Work to be completed >> Starting at the line holding "K&ouml;nnte beinhalten: Vier" and finishing at the line holding "Person typing on", transcribe the material exactly, keeping both ends but no pictures.

Information >>
[Start of Attachment]
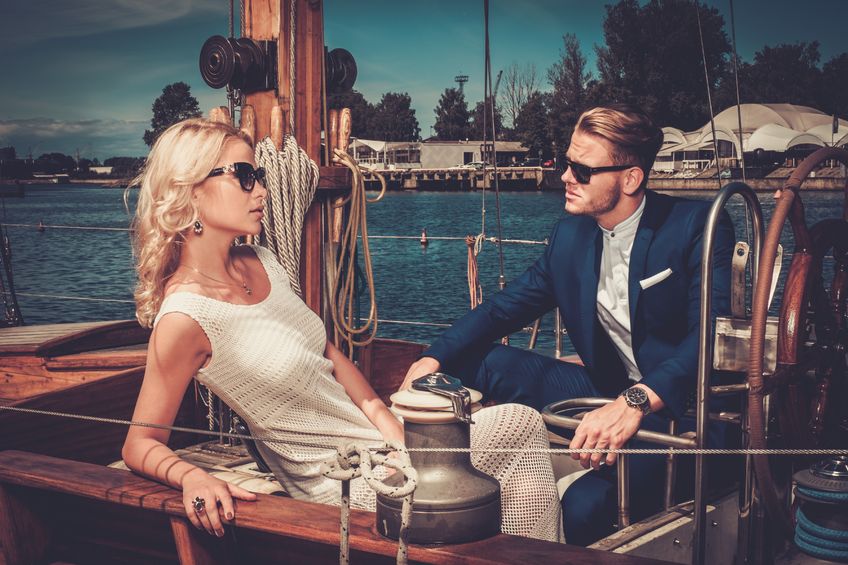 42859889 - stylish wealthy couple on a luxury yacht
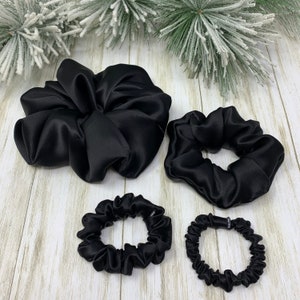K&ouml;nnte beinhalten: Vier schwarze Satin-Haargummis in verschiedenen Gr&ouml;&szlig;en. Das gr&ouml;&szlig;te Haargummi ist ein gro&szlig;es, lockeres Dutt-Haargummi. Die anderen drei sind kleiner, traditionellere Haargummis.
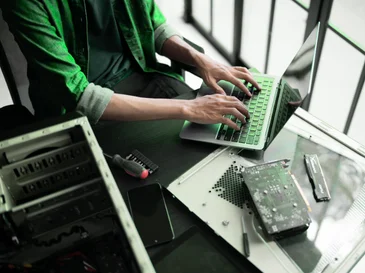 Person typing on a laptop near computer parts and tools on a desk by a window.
[End of Attachment]
[Start of Attachment]
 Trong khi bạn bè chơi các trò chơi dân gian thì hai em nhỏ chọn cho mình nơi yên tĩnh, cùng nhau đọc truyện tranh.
[End of Attachment]
[Start of Attachment]
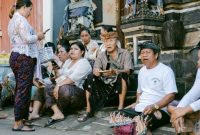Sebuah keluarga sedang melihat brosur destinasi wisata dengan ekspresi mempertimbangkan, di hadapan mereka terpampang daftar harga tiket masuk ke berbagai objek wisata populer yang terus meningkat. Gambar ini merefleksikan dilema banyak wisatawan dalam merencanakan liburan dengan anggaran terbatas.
[End of Attachment]
Written response >>
K&ouml;nnte beinhalten: Vier schwarze Satin-Haargummis in verschiedenen Gr&ouml;&szlig;en. Das gr&ouml;&szlig;te Haargummi ist ein gro&szlig;es, lockeres Dutt-Haargummi. Die anderen drei sind kleiner, traditionellere Haargummis.
 Person typing on a laptop near computer parts and tools on a desk by a window.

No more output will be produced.